# The Ubuntu Forum Community > Ubuntu Community Discussions > Mobile Technology Discussions >  Installing Ubuntu Touch (Daily) on (old) Android Phone

## Frimbleglim

Having followed instructions to run the developer prerelease of Ubuntu Touch on my HTC desire I'm eager to try the beta release too.  Can someone please answer the following question about the instructions here before I begin?  https://wiki.ubuntu.com/Touch/Install

When I perform step 4: 




> phablet-flash -b


this "bootstraps" the phone.  Will this delete the android HBoot Bootloader and so prevent me from using the recovery program?  

If it does how can I get it back afterwards?

----------


## Nr90

I don't think this'll work on the desire as there is no official image.
If you want to get the latest image running you'll have to look at:
https://wiki.ubuntu.com/Touch/Porting
However, this might be a bit advanced.


On restoring android, read the rest of that page:
https://wiki.ubuntu.com/Touch/Install#Restoring_Android

----------


## Frimbleglim

I was going to try the phablet version as that was the version of the developer preview that worked (albiet with the help of an evervolv zip).  That method of restoring android relys on you having the origenal propriety software.  I don't have this any more and nor am I interested in returning to it.  I just want to know if I will be able to run other custom ROMs.  

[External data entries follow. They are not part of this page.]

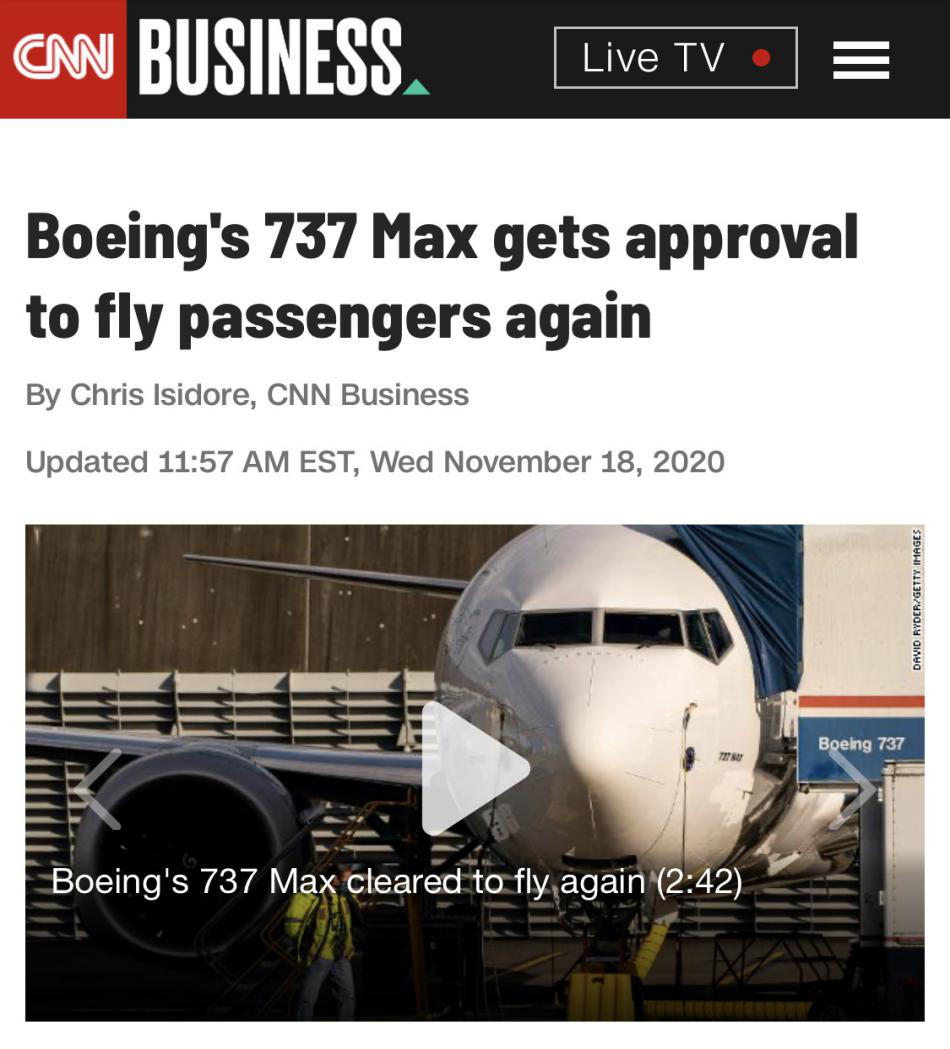 △CNN报道称，波音737 Max获准重新载客飞行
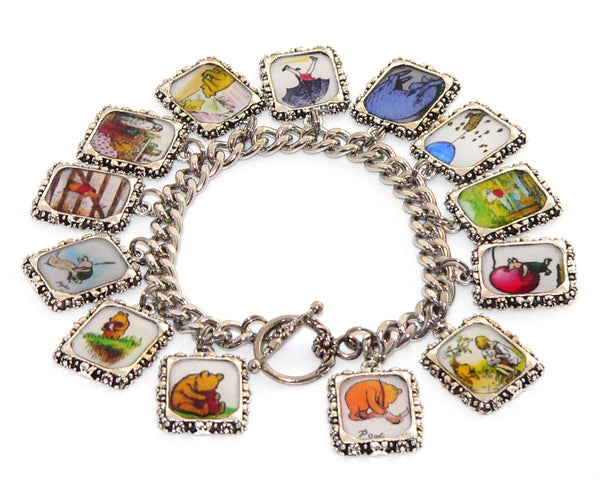 Classic Winnie The Pooh Bracelet Storybook Charm Jewelry Fashion Accessory Gift for Her Disney Winnie Pooh Bear Bracelet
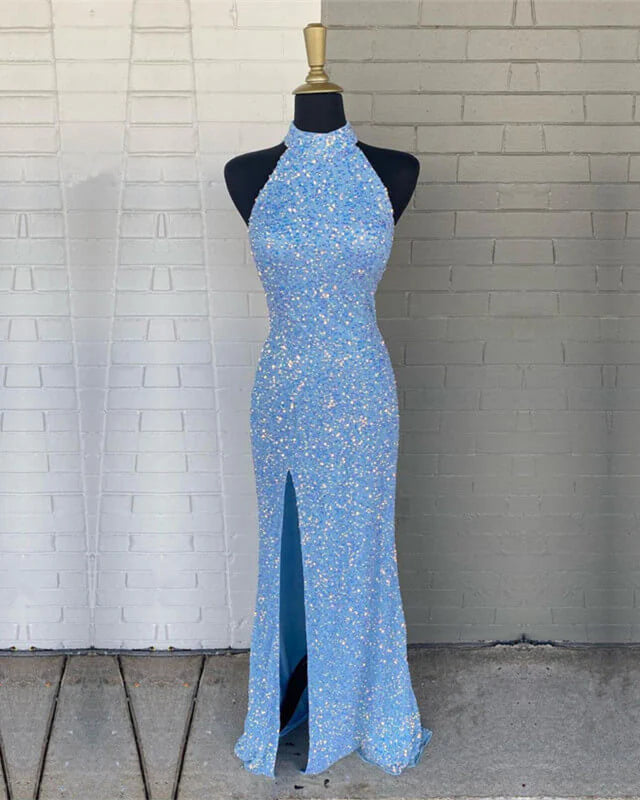 Mermaid Sheath Sequin Halter Prom Dresses With Slit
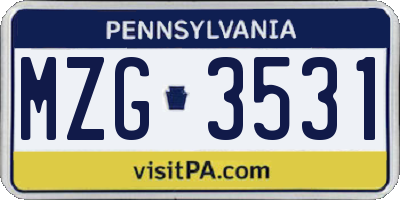 PA license plate MZG3531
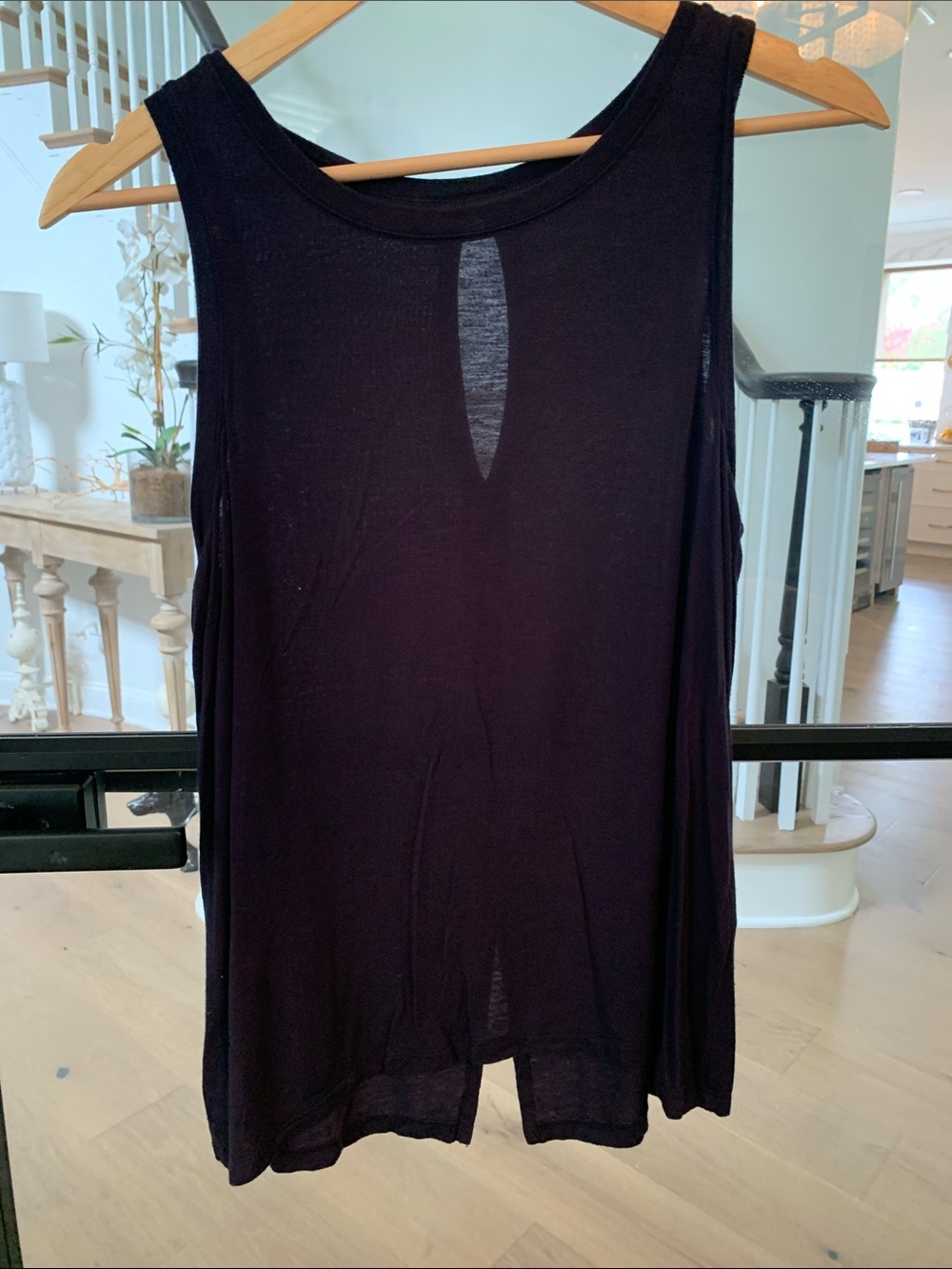 Halogen Black Sleeveless Tank with Front Keyhole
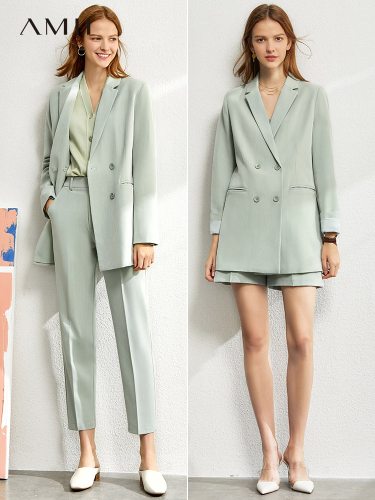 Minimalism suit set for women Autumn  4 piece set women Solid blazer,vest,high waist pants  women's costumes 12060909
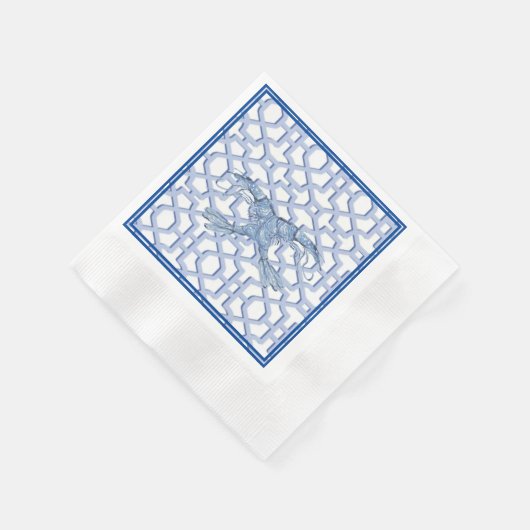 Serviette En Papier Papier de crevette bleu Napkin (Coin)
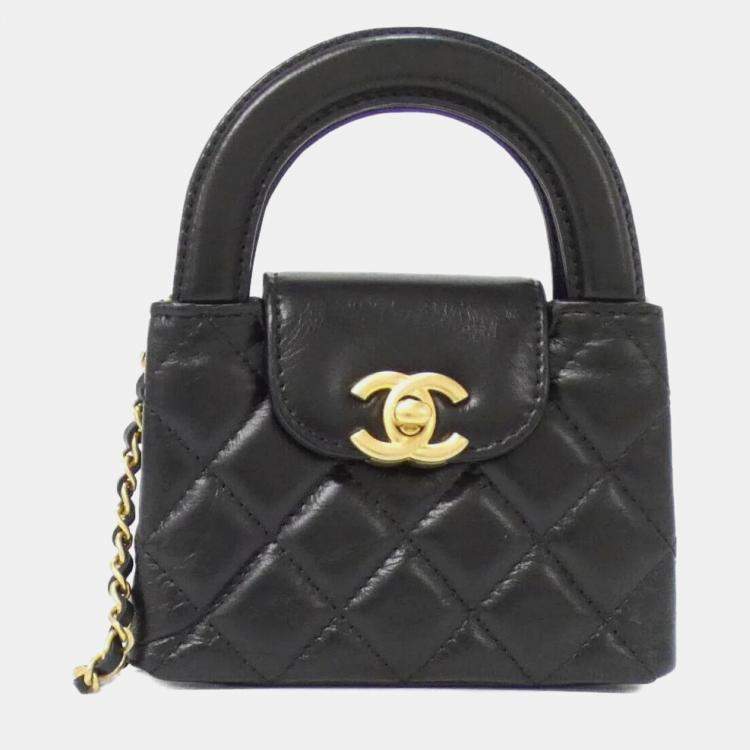 Pre Owned Chanel Black Calf Chain Clutch 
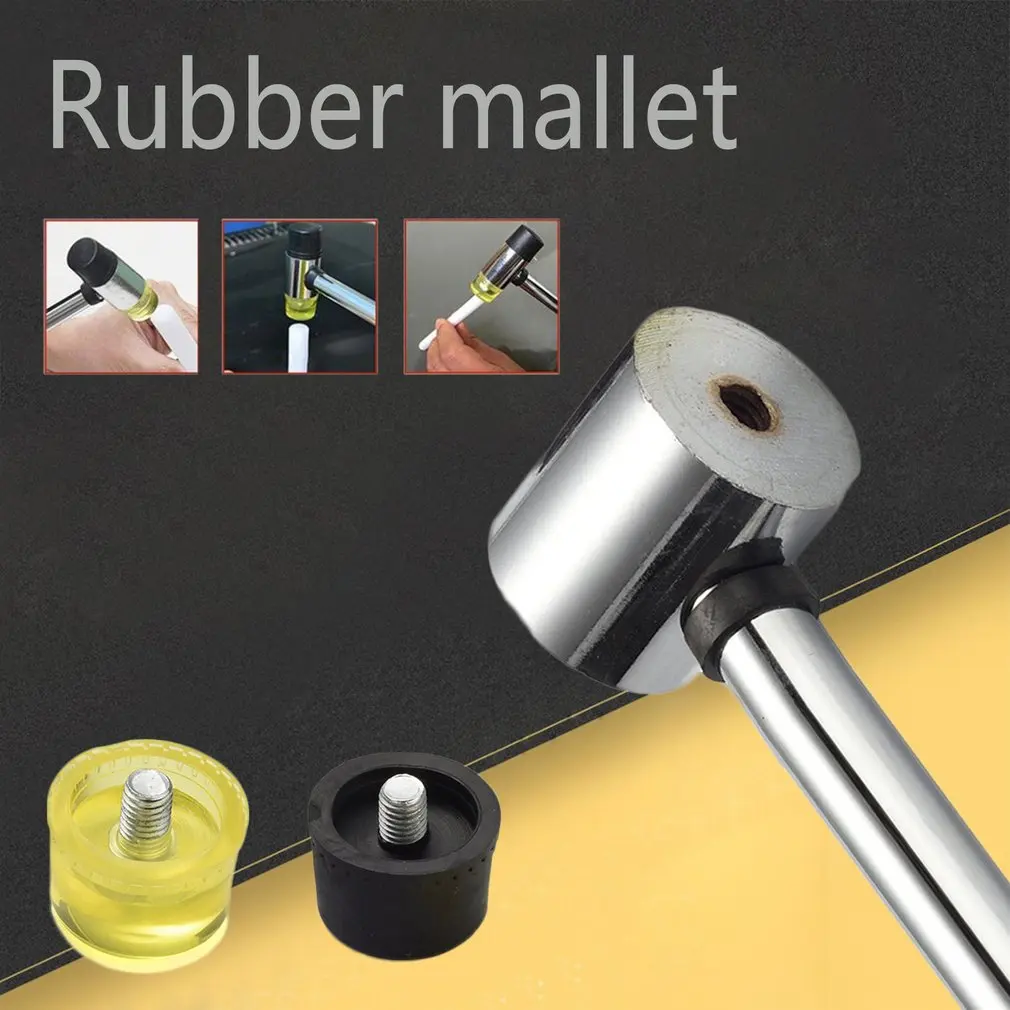

25MM Soft Mallet Home DIY Double Face Soft Tap Rubber Mallet Hammer with Non Slip Plastic Grip DIY Leather Tool Manual Hammer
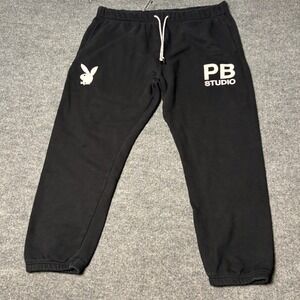 Playboy by PacSun PB Studio Black Jogger Sweatpants Mens XL Bunny Logo Fleece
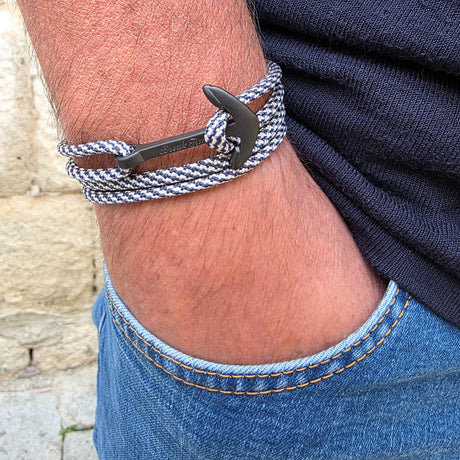 YACHT CREW big anchor bracelet navy blue mix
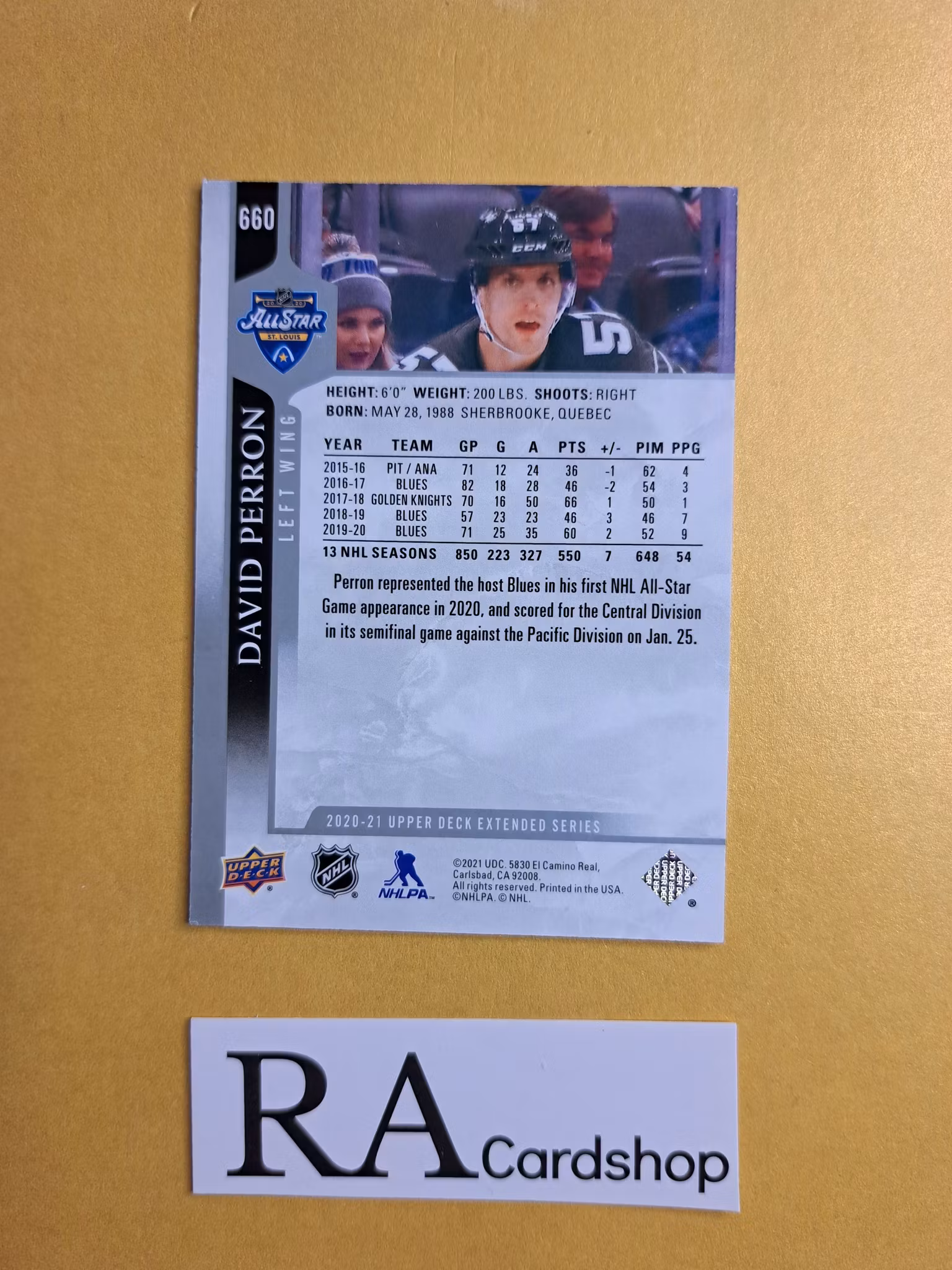 #660 David Perron 2020-21 Upper Deck Extended Series Hockey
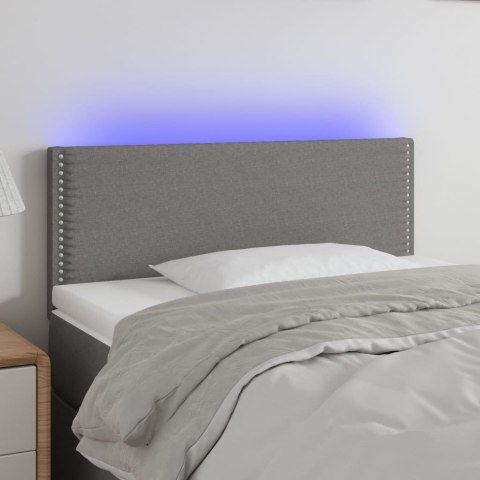 Zagłówek do łóżka z LED, ciemnoszary, 100x5x78/88 cm, tkanina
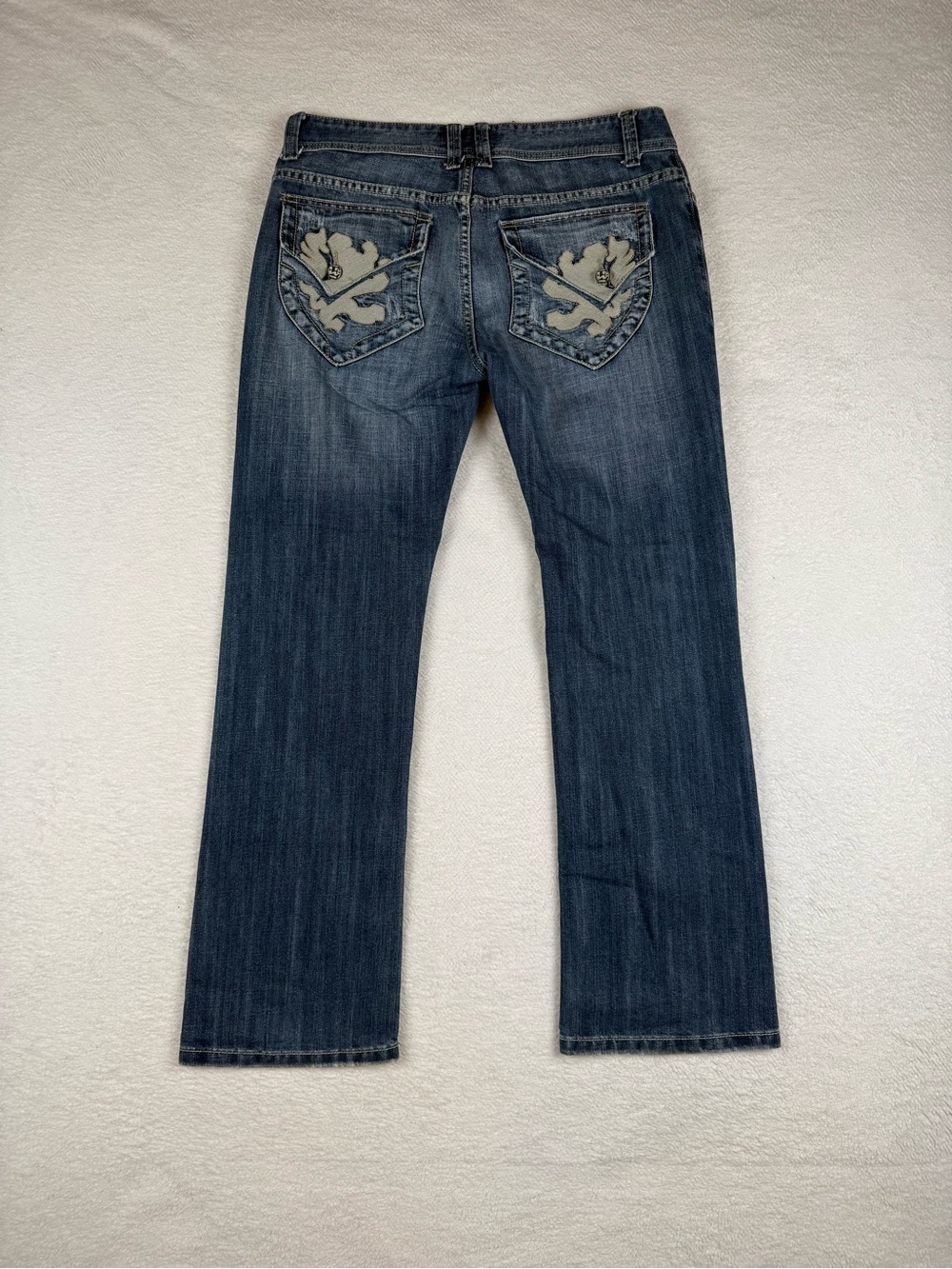 Div-E Y2K 2000s Mens Indigo Blue Faded Denim Jeans Back Pocket Design Size 34x32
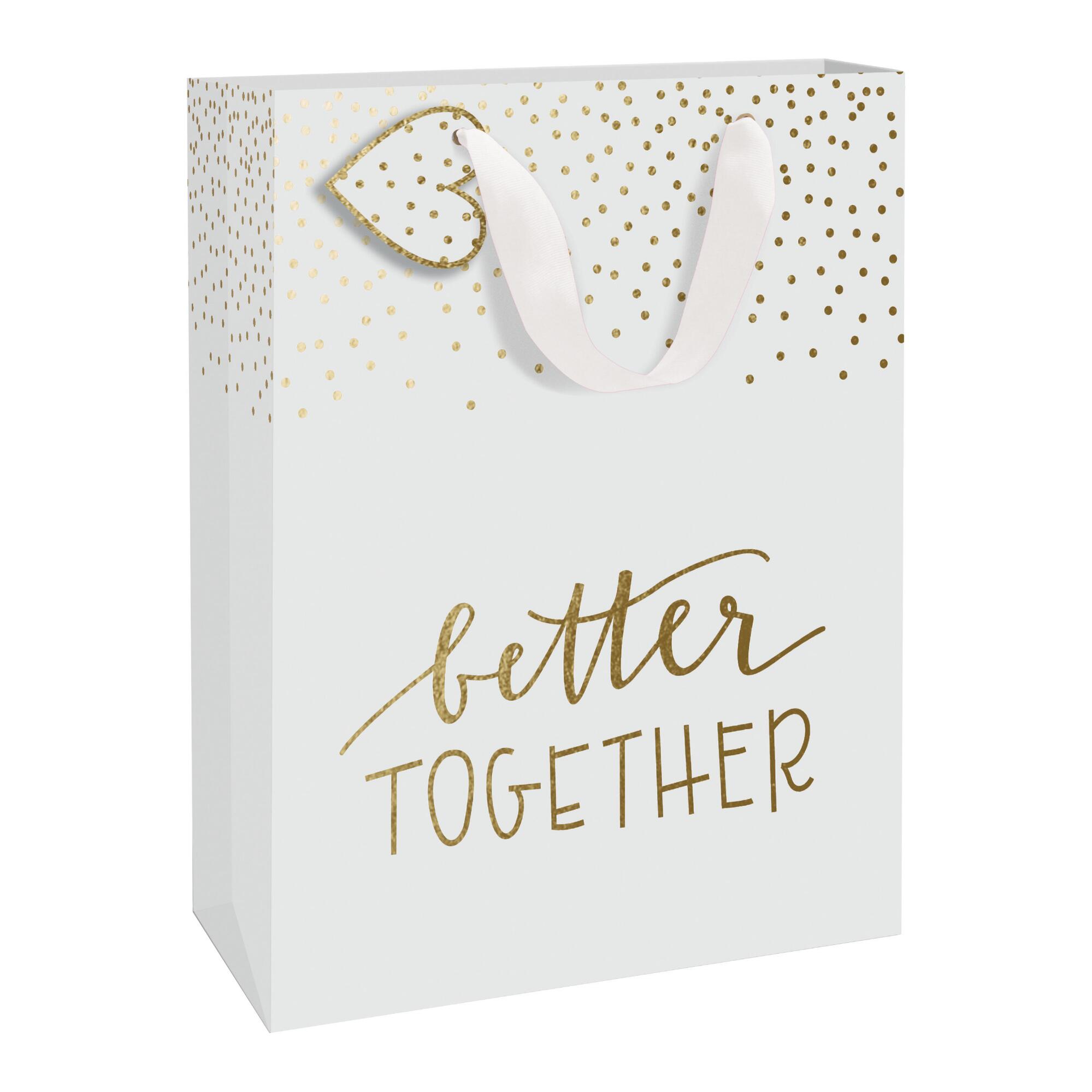 Large White and Gold Better Together Gift Bag: White/Gold - Paper by World Market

I suspect I could port the image to the device myself but it would take me a long time to follow through those instructions.  I may give it a try if no other option presents itself and if I decide I can afford to put my phone at risk.

Ed.  

I have now taken the risk and gone through every possible way of putting the lastest version of ubuntu touch on the phone short of directly porting it.  I think it's probably not worth my while trying to port the latest version but I will probably have a go once there is a stable version released.

----------